All of us suffer from a headache, sometimes. Any kind of pain in the region of head, scalp, or neck is called a headache. There are different kinds of headaches. Some are minor and last for some time, while others can last longer and may interfere with your work or other activities. Some headaches may even indicate life-threatening problems. Treatment of a headache depends on the underlying cause, but commonly involves analgesics.

Here are some of the most common types of headache:

Tension Headache Tension headaches are the most commonly prevalent. They are characterized by dull, constant pain with a sense of tight pressure all around the head. A tension headache can last anywhere from half an hour to several days. It is caused by tension in the muscles of the scalp, neck or face, which may be due to stress, anxiety, depression, too much exercise or sitting or sleeping in an uncomfortable position.

Migraine Headache Migraine headaches are characterized by severe, throbbing or pulsating pain, often on just one side of the head, which interferes with regular activities. Migraines are associated with symptoms such as sensitivity to light, noise or odours, nausea or vomiting, loss of appetite and stomach upset or abdominal pain.
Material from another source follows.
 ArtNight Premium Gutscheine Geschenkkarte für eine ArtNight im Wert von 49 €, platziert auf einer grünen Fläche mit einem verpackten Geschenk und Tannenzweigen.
Cluster Headache Cluster headaches are episodes of repeated severe headaches that last no more than a few hours each. Headaches usually come on during sleep and may occur one or more times every day for a period of weeks or months. The pain comes on very quickly and is most often felt as a sharp stabbing pain behind one eye. Patients may also experience tearing, a drooping eyelid or reduced pupil size in one eye or congestion in one nostril. It is more common in young men than other age groups.
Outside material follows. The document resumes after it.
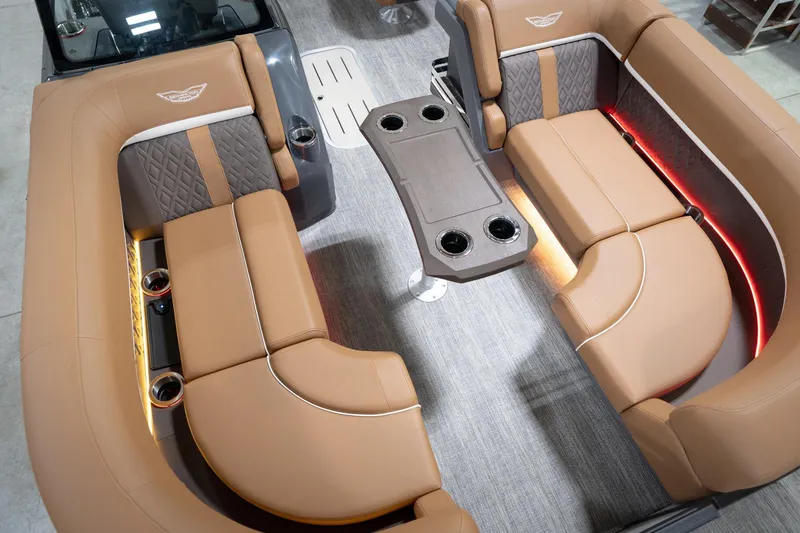Slide: The Image of Luxurious interior of 2026 Bennington 22 MSB pontoon boat with tan seating and LED lighting. - 13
Sinus Headaches Sinus headaches are associated with a deep and constant pain in the cheekbones, forehead, or bridge of the nose. The pain usually intensifies with sudden head movement caused by inflammation in the sinus passages due to infection. Pain is usually worst upon waking and when leaning forward.

Hormone headaches Headaches in women are often associated with changing hormone levels that occur during menstruation, pregnancy and menopause. Chemically induced hormone changes, such as with birth control pills, also trigger headaches in some women.

Other Conditions Headaches can also be a symptom of other serious conditions, including:

Brain tumour

• Stroke

• Meningitis

• Influenza

• Encephalitis

PREVENTION There are ways to reduce the frequency and severity of headaches.

• Take proper medication as suggested by the doctor

• If you are suffering from migraine then avoid your triggers

• Get adequate sleep

• Minimize your stress

How are headaches treated? Your doctor may recommend a different type of treatment to try or he/she may recommend further testing. Consult him/her to evaluate your headache symptoms.